The High Court considered whether regulation 6.17A of the Superannuation Industry (Supervision) Regulations 1994 (Cth) applied to BDBNs prepared for SMSFs.

Regulation 6.17A

Regulation 6.17A sets out the requirements for a member to provide a notice as to the payment of death benefits. These requirements include:

  • the nomination must be in writing;
  • it must be signed and dated by the member in the presence of 2 independent adult witnesses; and
  • must contain a declaration signed and dated by the witnesses stating that the notice was signed by the member in their presence.

The regulations also state that the notice expires 3 years after the day it was first signed, or last confirmed or amended by the member (or such shorter period provided by the governing rules).

Hill v Zuda Pty Ltd

Zuda Pty Ltd (Zuda) was the trustee of a SMSF known as the Holly Superannuation Fund. Mr Sodhy and Ms Murray were each a member of the Fund and a director of Zuda. The relevant trust deed for the Fund was amended in 2011 to insert a clause described as a ‘binding death benefit nomination’, according to which, if either member of the Fund died, Zuda was required to distribute the whole of the deceased member’s balance in the Fund to the surviving member. Mr Sodhy died on 22 November 2016.

Ms Hill, the only child of Mr Sodhy, commenced a proceeding in the Supreme Court of Western Australia, arguing that the binding death benefit nomination clause was invalid and therefore ineffective on the basis that it did not comply with regulation 6.17A. Ms Hill submitted that the BDBN was of no force and effect because the BDBN was made more than three years before Mr Sodhy’s death.

The Supreme Court of Western Australia dismissed the proceeding on the basis that regulation 6.17A did not apply to the Fund as an SMSF. The Court of Appeal upheld this decision. Ms Hill was granted special leave to have the High Court hear an appeal on the decision.

High Court Decision

On 15 June 2022, the High Court unanimously dismissed Ms Hill’s appeal. The High Court  held that regulation 6.17A, properly construed,  does not apply to BDBNs prepared for SMSFs. This means that members can rely upon the wording of the SMSF’s  trust deed to determine whether an SMSF can have BDBNs, and how they may operate.

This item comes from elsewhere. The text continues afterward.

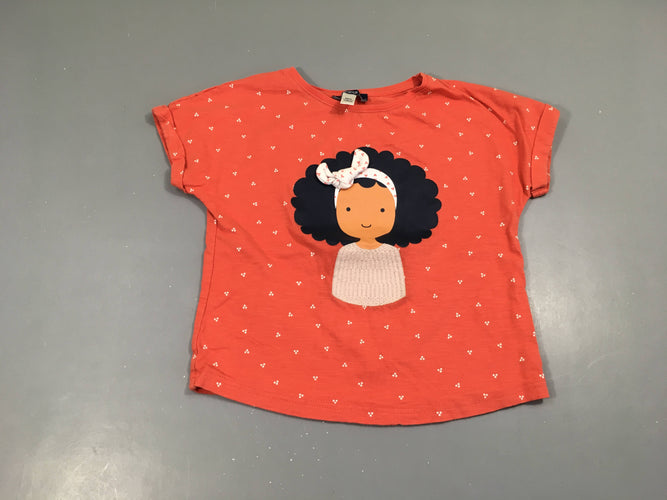 T-shirt m.c rouge fille bandeau noeud, moins cher chez Petit Kiwi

The decision in Hill v Zuda Pty Ltd confirms that BDBNs in SMSFs can last more than three years, subject to the SMSF’s trust deed. It also confirms that the formal requirements of signing the BDBN does not apply to SMSF BDBNs.  The rules for making BDBNs in SMSFs are imposed by the trust deed and therefore it is crucial that a SMSF member who makes a BDBN reads the  trust deed to ensure that the BDBN complies with the requirements set out in the trust deed.